Posted on Apr 11, 2019 by Neal Romanek

Atlantic Production is an innovator in natural history documentaries. Its most recent brings the world’s biggest Tyrannosaurus rex to life

“Life finds a way.” That’s the theme of nineties dino resurrection classic, Jurassic Park. Thirty years later, new technologies are being used to bring back the prehistoric past in remarkably realistic ways. At the vanguard of this rebirth is the award-winning Atlantic Productions. No matter what the challenge – 3D, VR, sophisticated visual effects or one-on-ones with the late Stephen Hawking, Barack Obama and regular collaborator Sir David Attenborough – Atlantic finds a way. Along with the BBC Natural History Unit, Atlantic is one of the few documentary producers who could be said to have a world-famous brand. Anthony Geffen started the company in 1992, just as Steven Spielberg started shooting Jurassic Park. 

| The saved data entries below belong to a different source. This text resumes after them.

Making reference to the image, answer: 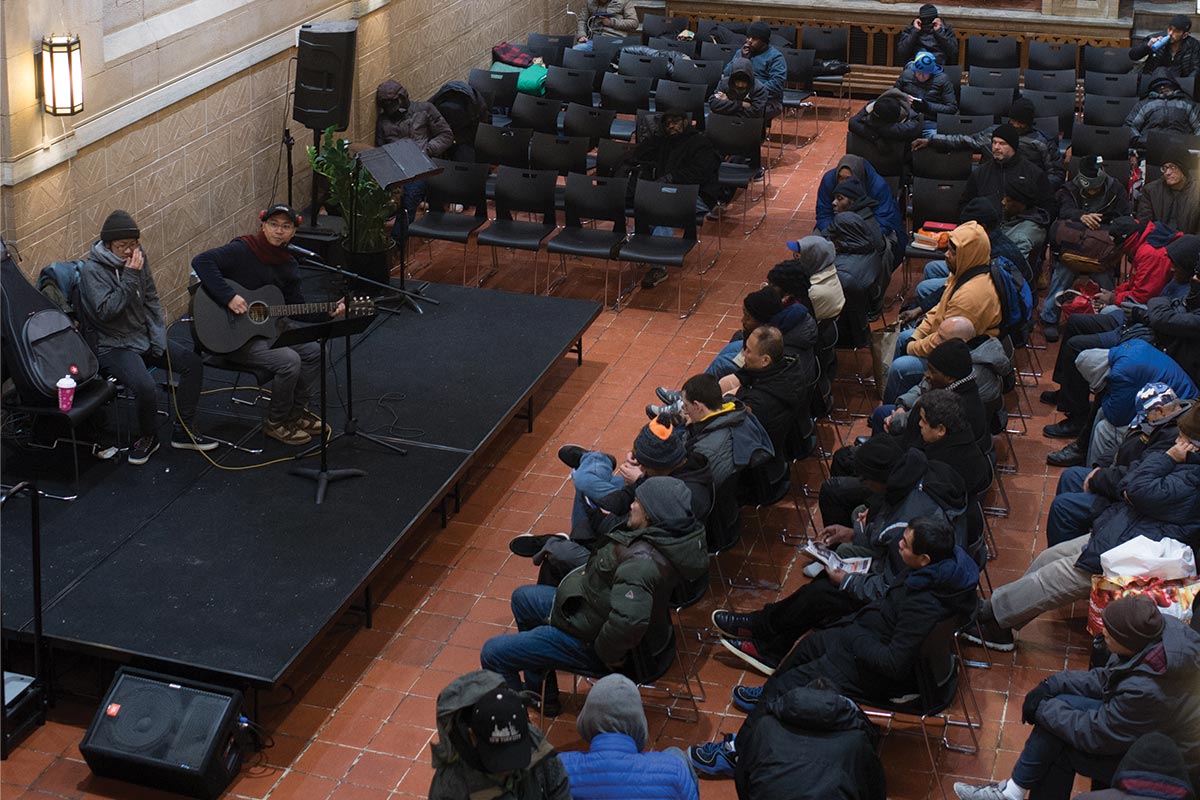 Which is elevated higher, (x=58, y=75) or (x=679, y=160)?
(x=58, y=75)

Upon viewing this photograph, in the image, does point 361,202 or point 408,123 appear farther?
point 408,123

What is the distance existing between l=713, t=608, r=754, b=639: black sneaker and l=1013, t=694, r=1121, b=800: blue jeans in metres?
1.48

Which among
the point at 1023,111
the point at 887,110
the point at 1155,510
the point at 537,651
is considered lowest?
the point at 537,651

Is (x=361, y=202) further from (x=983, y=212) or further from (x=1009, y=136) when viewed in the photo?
(x=1009, y=136)

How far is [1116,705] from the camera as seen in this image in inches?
213

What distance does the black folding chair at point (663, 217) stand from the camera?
1039 cm

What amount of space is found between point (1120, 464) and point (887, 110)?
15.4ft

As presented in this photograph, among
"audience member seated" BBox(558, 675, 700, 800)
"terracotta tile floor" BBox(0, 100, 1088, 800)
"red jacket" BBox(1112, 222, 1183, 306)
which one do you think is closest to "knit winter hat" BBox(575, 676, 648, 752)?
"audience member seated" BBox(558, 675, 700, 800)

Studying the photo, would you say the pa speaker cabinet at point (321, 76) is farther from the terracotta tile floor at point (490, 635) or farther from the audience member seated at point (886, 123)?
the audience member seated at point (886, 123)

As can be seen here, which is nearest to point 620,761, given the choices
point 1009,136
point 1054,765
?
point 1054,765

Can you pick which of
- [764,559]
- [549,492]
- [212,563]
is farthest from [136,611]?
[764,559]

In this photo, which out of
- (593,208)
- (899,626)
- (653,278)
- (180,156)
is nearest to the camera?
(899,626)

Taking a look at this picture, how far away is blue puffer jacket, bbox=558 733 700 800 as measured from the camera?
4.87m

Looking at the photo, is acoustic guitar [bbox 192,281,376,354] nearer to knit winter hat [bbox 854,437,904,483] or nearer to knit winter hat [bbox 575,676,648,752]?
knit winter hat [bbox 854,437,904,483] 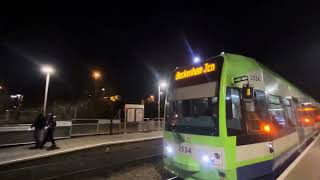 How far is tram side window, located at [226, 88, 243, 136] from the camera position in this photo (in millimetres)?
5371

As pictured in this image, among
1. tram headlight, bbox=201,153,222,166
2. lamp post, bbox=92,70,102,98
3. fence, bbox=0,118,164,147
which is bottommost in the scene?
tram headlight, bbox=201,153,222,166

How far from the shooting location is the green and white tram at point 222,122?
5.36 meters

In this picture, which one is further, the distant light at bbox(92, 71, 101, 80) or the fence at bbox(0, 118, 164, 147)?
the distant light at bbox(92, 71, 101, 80)

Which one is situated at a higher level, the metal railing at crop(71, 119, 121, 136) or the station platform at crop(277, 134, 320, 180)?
the metal railing at crop(71, 119, 121, 136)

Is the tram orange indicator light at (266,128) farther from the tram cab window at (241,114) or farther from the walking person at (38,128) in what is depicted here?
the walking person at (38,128)

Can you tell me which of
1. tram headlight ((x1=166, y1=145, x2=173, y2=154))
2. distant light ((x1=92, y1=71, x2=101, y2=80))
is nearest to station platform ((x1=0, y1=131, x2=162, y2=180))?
tram headlight ((x1=166, y1=145, x2=173, y2=154))

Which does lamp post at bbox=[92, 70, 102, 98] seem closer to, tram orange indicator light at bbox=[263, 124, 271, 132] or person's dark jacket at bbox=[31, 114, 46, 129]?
person's dark jacket at bbox=[31, 114, 46, 129]

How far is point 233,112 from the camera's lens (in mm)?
5465

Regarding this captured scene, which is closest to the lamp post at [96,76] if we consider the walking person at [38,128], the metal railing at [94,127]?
the metal railing at [94,127]

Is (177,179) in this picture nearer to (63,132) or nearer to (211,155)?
(211,155)

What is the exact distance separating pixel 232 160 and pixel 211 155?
1.53ft

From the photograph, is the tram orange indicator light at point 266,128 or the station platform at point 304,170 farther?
the station platform at point 304,170

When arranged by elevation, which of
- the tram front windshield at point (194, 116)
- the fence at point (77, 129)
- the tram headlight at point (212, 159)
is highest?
the tram front windshield at point (194, 116)

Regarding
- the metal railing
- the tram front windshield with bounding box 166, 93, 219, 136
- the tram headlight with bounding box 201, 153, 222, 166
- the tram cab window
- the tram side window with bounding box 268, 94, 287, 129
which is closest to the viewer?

The company’s strategy has been to push the envelope of what is possible in capture, distribution and exhibition technologies to bring factual content – especially natural history content – to new audiences in deeper and richer ways.

“They’re brilliant, these big BBC series, but the danger is they all become very similar,” says Geffen. “You have lions and they’re beautifully filmed and they’re getting better and better. But I think we need to find new narratives.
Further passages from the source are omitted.